LAWS(ALL)-1963-1-1

PARMESHWAR DAYAL Vs. ADDL COMMR

Decided On January 29, 1963
PARMESHWAR DAYAL Appellant
V/S
ADDL. COMMR. Respondents

JUDGEMENT

(1.) Mathur, J., has referred to a larger bench the question, "Is the order of the District Magistrate and also of the Commissioner and the State Government invalid simply because they did not take into consideration the needs of the tenant?" and this bench has been constituted to answer it. My answer to the question is emphatic 'No'.

(2.) There was slight controversy on the question whether the Commissioner considered the needs of the petitioner tenant, but we are not concerned with that controversy because the whole petition has not been referred to this bench. It will be for Mathur, J., to decide whether the petitioner's needs were considered by the Commis--sioner or not we have to answer simply the question whether he was required to consider them.

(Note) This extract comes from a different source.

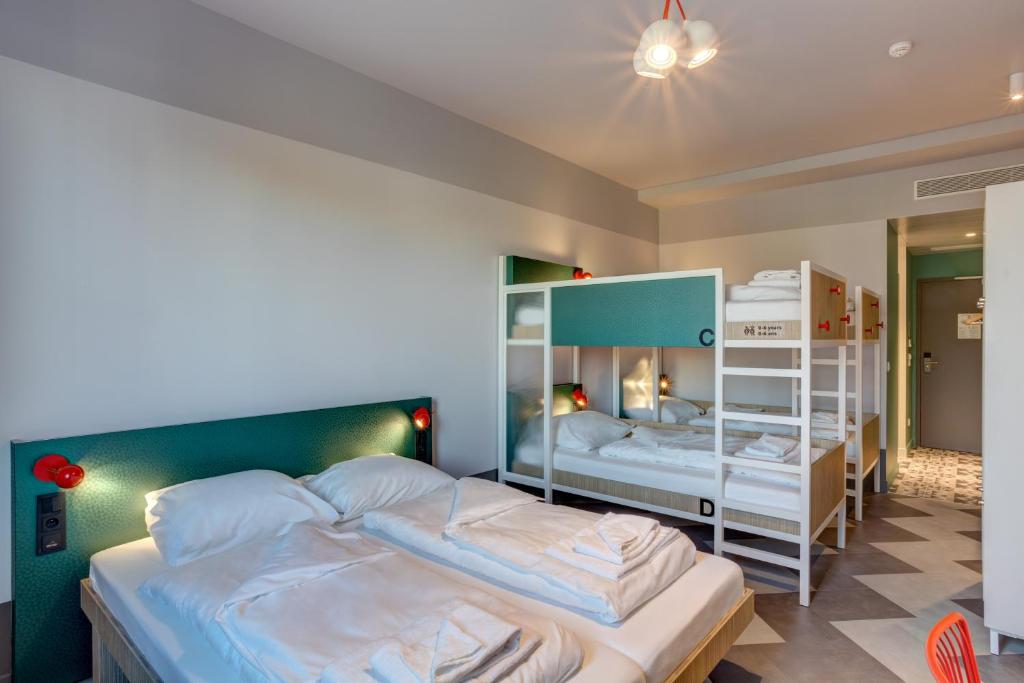 MEININGER Hotel Paris Porte de Vincennes - image 7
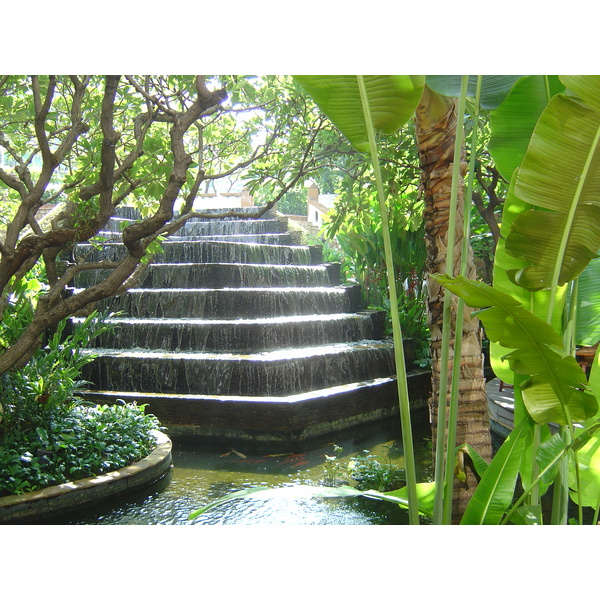 รูปถ่าย ไทย(Thailand) กรุงเทพมหานคร(Bangkok) โรงแรมดุสิตธานี(Dusit Tani Hotel) 2005-12 20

(3.) The question is with reference to the jurisdictions to be exercised by the District Magistrate, the Commissioner and the State Government under section 3 (1), 3 (3) and 7-F respectively of the U. P. (Temporary) Control of Rent and Eviction Act, 1947. The petitioner is a tenant since 1942 of a house which has now been purchased by opposite party No. 5 (to be referred to as "the opposite party", or "the landlord"). The house is admittedly governed by the U. P. (Temporary) Control of Rent and Eviction Act (to be referred to as "the Act"). The law before the Act was enacted was that contained in the Transfer of Property Act. Under it the landlord has absolute right to terminate the tenancy of the petitioner by a simple notice to quit without assigning any reason for requiring him to quit and to file a suit for his ejectment if he did not deliver possession on the termination of his tenancy. In a suit for ejectment by him the Court was simply concerned with the question whether the tenancy had been terminated or not and any question as to the need of the landlord to get the house vacated by the tenant, or of the need of the tenant to occupy the house, was wholly irrelevant. The tenant had a right to remain in possession only so long as he was a tenant. For now long he was to be a tenant was a question left entirely at the discretion of the landlord, unless there was some term to the contrary in the contract of tenancy. If the tenant wanted to restrict the landlord's right to terminate his tenancy except on efflux of a certain period of time, or except on the happening of a certain event, it was for him to have this restriction incorporated in the contract of tenancy. Otherwise the landlord as the owner of the property had the right to terminate the tenancy at any 'time. Once the tenancy was "terminated the tenant was left with no right to remain in possession and the landlord was entitled to file a suit for his ejectment. The tenant could not resist his ejectment on the ground that the landlord did not need the house for his own purpose, or that he himself was unable to procure another house for his own purpose, or that he himself was unable to procure another house for occupation.